- _Brief_
Take the entries below and print, exactly, the stretch from the line containing "Tiago Henriques Da" through the line containing "Resources National Science", both included.

- _The data_
★ ★ ★

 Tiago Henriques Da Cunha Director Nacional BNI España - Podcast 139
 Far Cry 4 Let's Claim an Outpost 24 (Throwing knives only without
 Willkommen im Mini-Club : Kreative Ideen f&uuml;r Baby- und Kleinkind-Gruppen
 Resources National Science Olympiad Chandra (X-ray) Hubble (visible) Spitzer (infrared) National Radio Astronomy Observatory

★ ★ ★

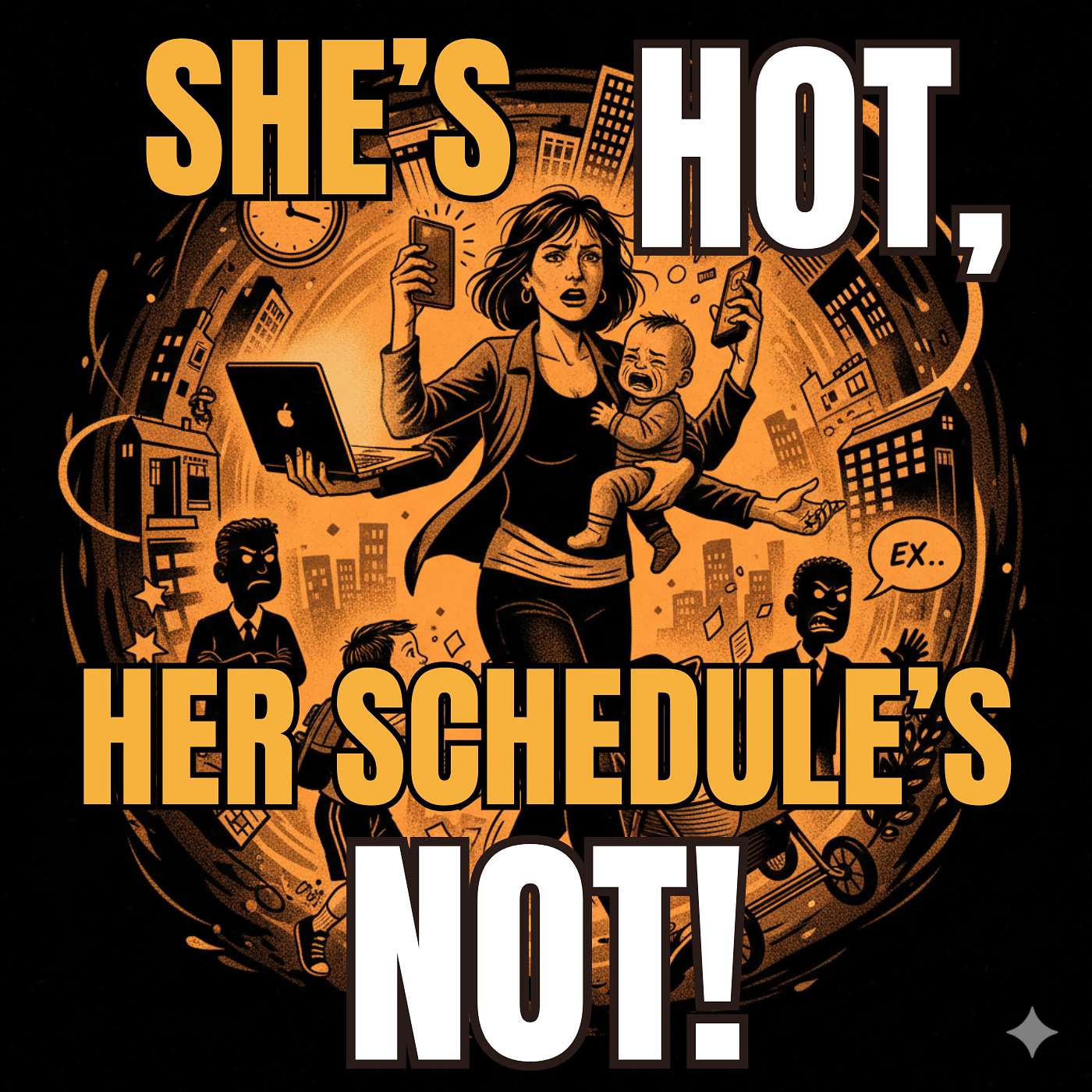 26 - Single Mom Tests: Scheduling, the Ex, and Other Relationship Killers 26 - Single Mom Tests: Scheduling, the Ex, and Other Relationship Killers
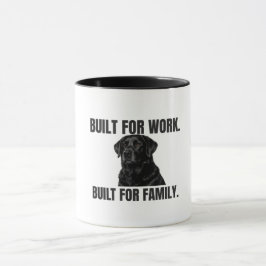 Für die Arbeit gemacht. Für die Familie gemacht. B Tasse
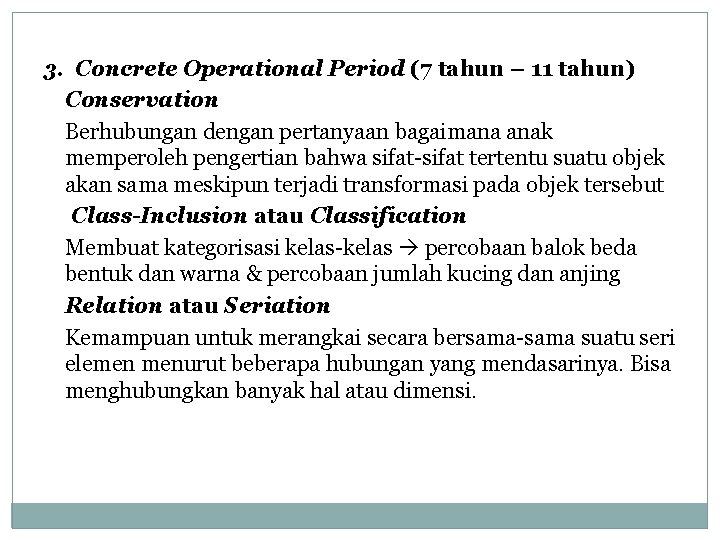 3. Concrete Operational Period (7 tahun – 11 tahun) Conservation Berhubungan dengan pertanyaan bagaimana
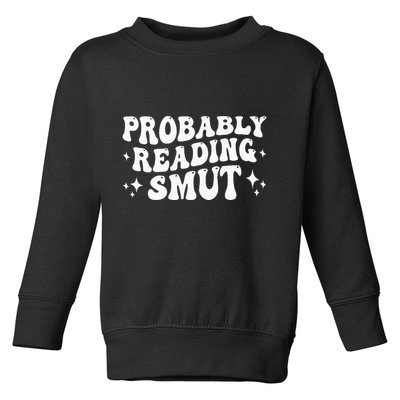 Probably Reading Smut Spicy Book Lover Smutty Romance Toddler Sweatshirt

★ ★ ★

- _Result of the exercise_
 Tiago Henriques Da Cunha Director Nacional BNI España - Podcast 139
 Far Cry 4 Let's Claim an Outpost 24 (Throwing knives only without
 Willkommen im Mini-Club : Kreative Ideen f&uuml;r Baby- und Kleinkind-Gruppen
 Resources National Science Olympiad Chandra (X-ray) Hubble (visible) Spitzer (infrared) National Radio Astronomy Observatory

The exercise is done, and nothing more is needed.